- _AIM OF THE TASK_:
The full listing, written out exactly and without images, is the expected result.

- _DATA EXTRACT_:
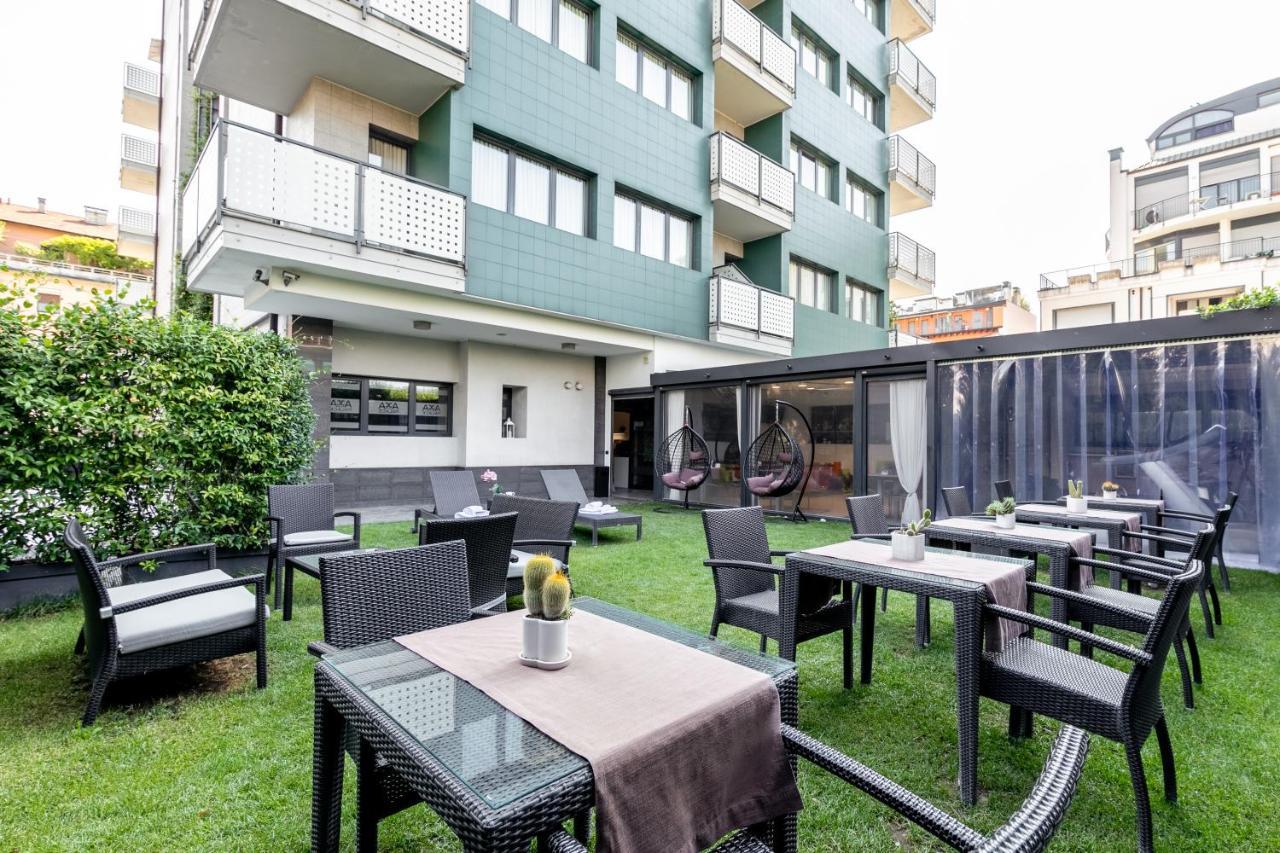 Acca Palace Aa Hotels Milão Exterior foto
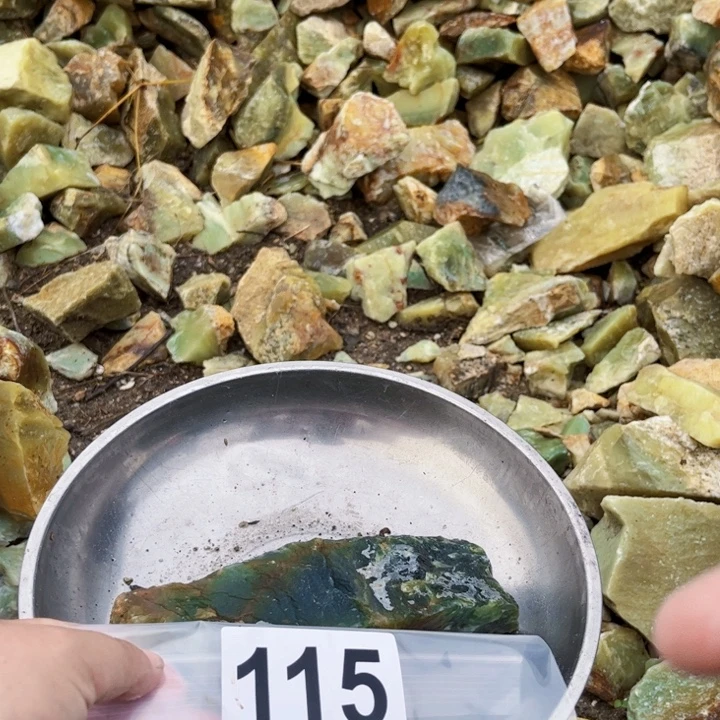 未镶嵌蛇纹石玉珠宝半成品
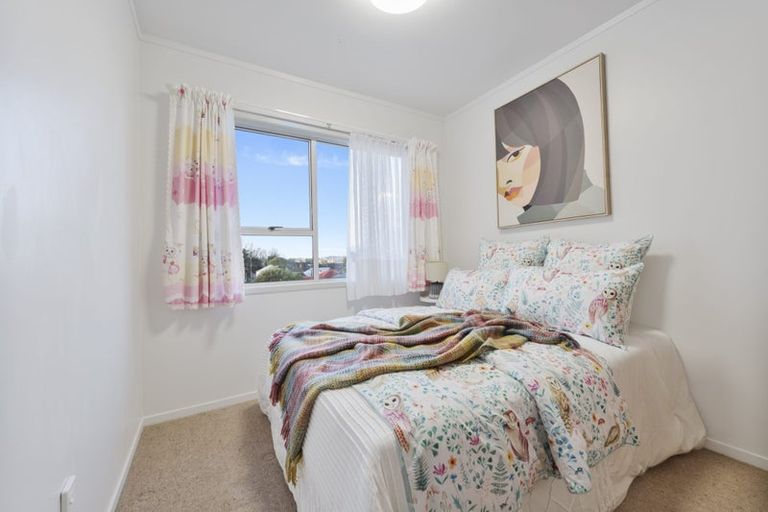 Photo of property in 2/43 Rimu Street, New Lynn, Auckland, 0600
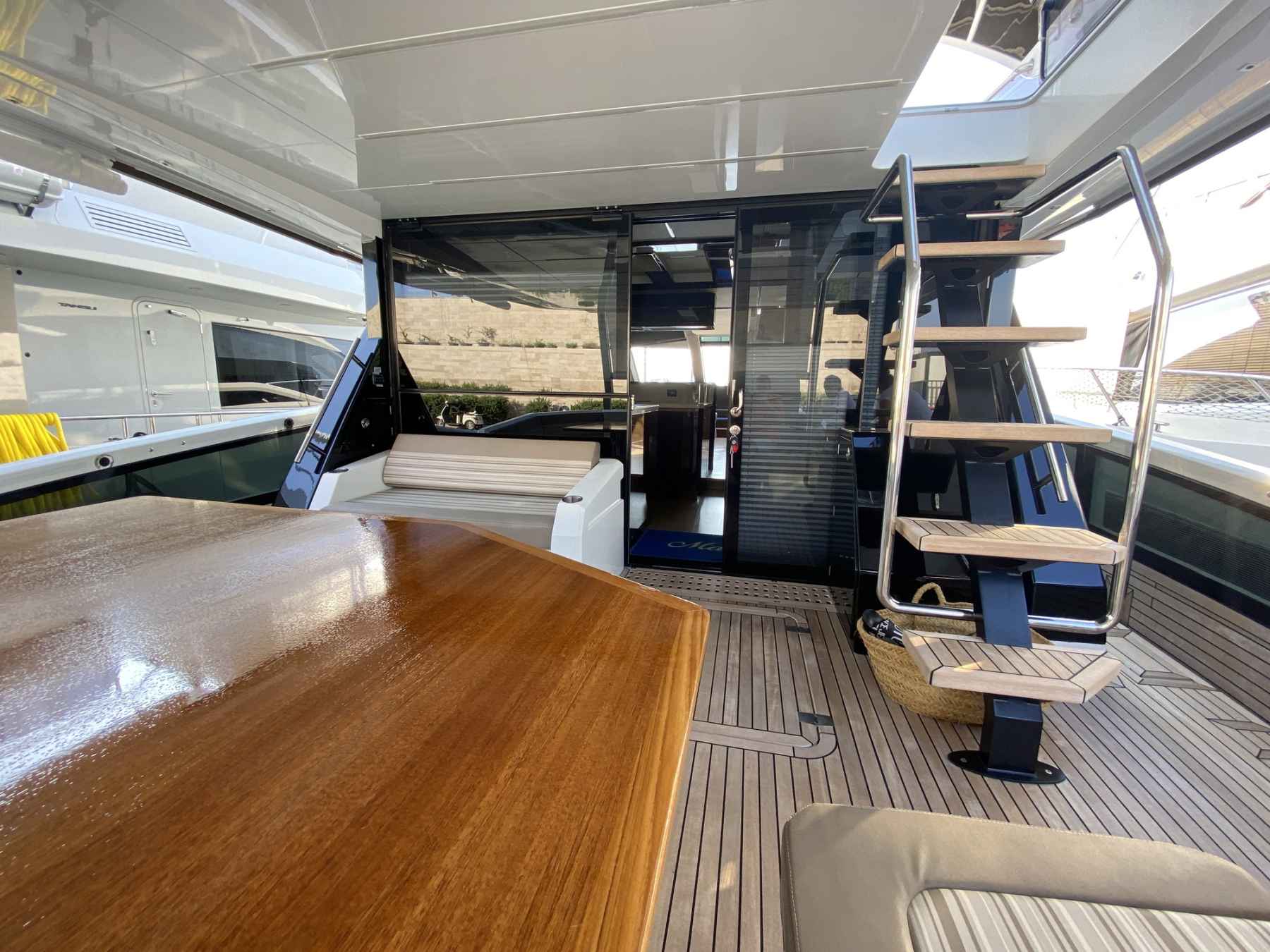 Motorboot Galeon 640 Fly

- _ANSWER SECTION_:
 Acca Palace Aa Hotels Milão Exterior foto
 未镶嵌蛇纹石玉珠宝半成品
 Photo of property in 2/43 Rimu Street, New Lynn, Auckland, 0600
 Motorboot Galeon 640 Fly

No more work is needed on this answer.